Un certain nombre de pays membres de l’UE, dont l’Allemagne, l’Autriche et les Pays-Bas, refusent tout plafonnement des prix, et la Commission européenne a fait valoir qu’une telle mesure compromettrait l’approvisionnement de l’UE sur le marché mondial. La ministre autrichienne de l’Énergie, Leonore Gewessler, a expliqué que son gouvernement ne pouvait pas soutenir un plafonnement des prix pour des raisons de sécurité énergétique. « L’Autriche est dépendante des importations de gaz naturel et des importations de gaz de Russie, a-t-elle déclaré. Dans toutes ces propositions, je n’ai vu aucune certitude que nos partenaires fournisseurs continueraient à livrer suffisamment de gaz à l’Europe si nous ne sommes pas prêts à payer le prix demandé. »

De l’Allemagne, le ministre de l’Économie et de l’Énergie, Robert Habeck (des Verts), invoque le même argument, exprimant à ses homologues à Bruxelles la crainte que les exportateurs boudent tout simplement l’Europe en cas de plafonnement des prix.

A cette occasion, on a, une fois de plus, évité la question de la fermeture du marché à terme du gaz naturel à Amsterdam (le TTF). C’est pourtant la seule mesure qui permettrait de contrôler les prix de l’énergie.

Berlin choisit le renflouement. Le gouvernement allemand est fermement opposé à un contrôle du prix du gaz à l’échelle de l’UE. Toutefois, il a décidé de faire cavalier seul pour contrer l’inflation galopante. Ainsi, le chancelier Scholz a annoncé le 29 septembre que le gouvernement allait débloquer la somme énorme de 200 milliards d’euros pour aider les ménages et les entreprises à payer leurs factures d’énergie. Peu avant, au Royaume-Uni, le nouveau gouvernement de la Première ministre Liz Truss avait annoncé de son côté son intention de lancer un emprunt colossal pour subventionner les prix de l’énergie (voir AS 39/22).
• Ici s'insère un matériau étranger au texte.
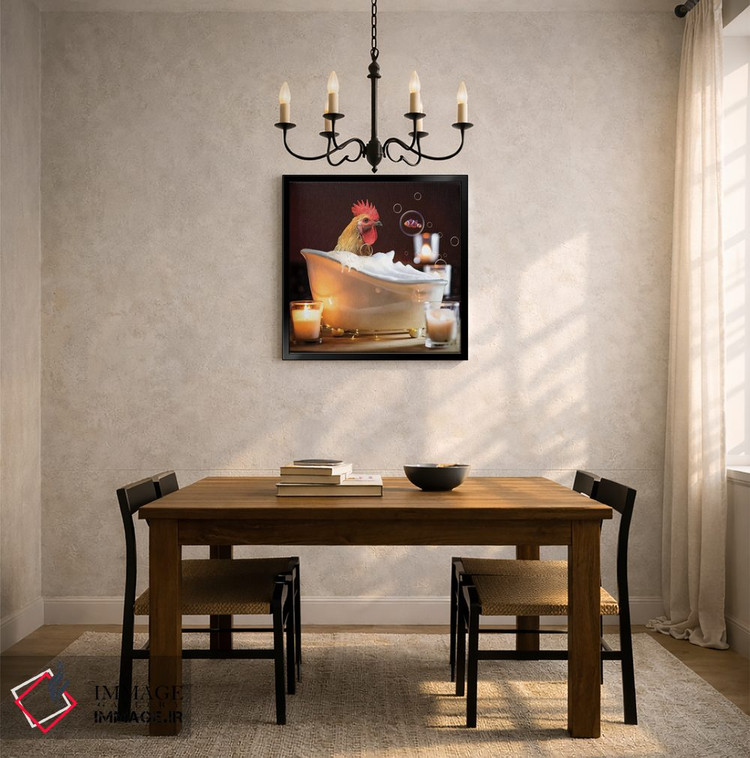 تابلو دکوراتیو خروس در وان کف اثر کارن بورک - D4B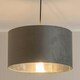 image 3 of ValueLights Reni Large Grey Velvet Chrome Inner Lamp Shade & Bulb Grey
Or, ces nouvelles formes d’assouplissement quantitatif ne feront nullement baisser les prix. C’est simplement le gouvernement qui paiera les prix exagérés de l’énergie pour le compte des entreprises et des ménages, créant une forte demande et, partant, des prix encore plus élevés. Ainsi, on renflouera les divers fonds spéculatifs et, en fin de compte, les banques… du moins provisoirement.

Le plan allemand est très mal accueilli par les pays membres de l’UE qui n’ont pas les moyens financiers de lancer des « paquets d’aide » similaires (bien souvent parce que leurs finances publiques ont été dépouillées sur l’ordre de Bruxelles). Ils accusent Berlin de ne se préoccuper que des siens.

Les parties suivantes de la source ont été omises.